[What is expected] Reproduce this listing from its first line through the line with "Armani Exchange Strickpullover", inclusive, leaving out all that follows.

○ ○ ○

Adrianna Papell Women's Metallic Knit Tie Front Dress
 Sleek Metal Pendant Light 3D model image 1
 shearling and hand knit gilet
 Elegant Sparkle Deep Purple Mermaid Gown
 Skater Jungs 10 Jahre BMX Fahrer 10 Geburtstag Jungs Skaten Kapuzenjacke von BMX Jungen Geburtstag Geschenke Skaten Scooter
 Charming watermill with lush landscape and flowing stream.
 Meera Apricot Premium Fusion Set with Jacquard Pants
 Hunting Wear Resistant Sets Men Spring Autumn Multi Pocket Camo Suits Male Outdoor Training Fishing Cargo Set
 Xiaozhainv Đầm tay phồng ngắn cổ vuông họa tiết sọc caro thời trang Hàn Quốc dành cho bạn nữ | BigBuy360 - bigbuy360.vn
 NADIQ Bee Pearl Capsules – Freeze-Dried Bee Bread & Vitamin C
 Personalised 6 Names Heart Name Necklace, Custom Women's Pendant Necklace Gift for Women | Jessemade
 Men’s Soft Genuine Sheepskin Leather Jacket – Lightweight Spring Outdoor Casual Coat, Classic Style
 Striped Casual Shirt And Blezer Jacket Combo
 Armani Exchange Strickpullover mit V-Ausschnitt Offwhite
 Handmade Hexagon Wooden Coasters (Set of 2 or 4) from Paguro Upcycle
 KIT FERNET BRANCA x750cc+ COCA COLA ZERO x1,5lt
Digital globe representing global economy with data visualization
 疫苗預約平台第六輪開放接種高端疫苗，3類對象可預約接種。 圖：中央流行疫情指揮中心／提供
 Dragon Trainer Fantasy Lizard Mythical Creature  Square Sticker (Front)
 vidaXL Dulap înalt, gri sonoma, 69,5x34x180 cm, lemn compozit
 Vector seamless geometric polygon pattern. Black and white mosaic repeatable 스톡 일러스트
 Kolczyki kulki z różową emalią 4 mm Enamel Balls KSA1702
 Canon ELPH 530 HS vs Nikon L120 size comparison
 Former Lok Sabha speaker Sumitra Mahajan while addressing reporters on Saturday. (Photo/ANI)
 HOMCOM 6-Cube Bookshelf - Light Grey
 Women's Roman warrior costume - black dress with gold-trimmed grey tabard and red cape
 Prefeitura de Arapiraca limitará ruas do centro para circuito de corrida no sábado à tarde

○ ○ ○

[Task result]
Adrianna Papell Women's Metallic Knit Tie Front Dress
 Sleek Metal Pendant Light 3D model image 1
 shearling and hand knit gilet
 Elegant Sparkle Deep Purple Mermaid Gown
 Skater Jungs 10 Jahre BMX Fahrer 10 Geburtstag Jungs Skaten Kapuzenjacke von BMX Jungen Geburtstag Geschenke Skaten Scooter
 Charming watermill with lush landscape and flowing stream.
 Meera Apricot Premium Fusion Set with Jacquard Pants
 Hunting Wear Resistant Sets Men Spring Autumn Multi Pocket Camo Suits Male Outdoor Training Fishing Cargo Set
 Xiaozhainv Đầm tay phồng ngắn cổ vuông họa tiết sọc caro thời trang Hàn Quốc dành cho bạn nữ | BigBuy360 - bigbuy360.vn
 NADIQ Bee Pearl Capsules – Freeze-Dried Bee Bread & Vitamin C
 Personalised 6 Names Heart Name Necklace, Custom Women's Pendant Necklace Gift for Women | Jessemade
 Men’s Soft Genuine Sheepskin Leather Jacket – Lightweight Spring Outdoor Casual Coat, Classic Style
 Striped Casual Shirt And Blezer Jacket Combo
 Armani Exchange Strickpullover mit V-Ausschnitt Offwhite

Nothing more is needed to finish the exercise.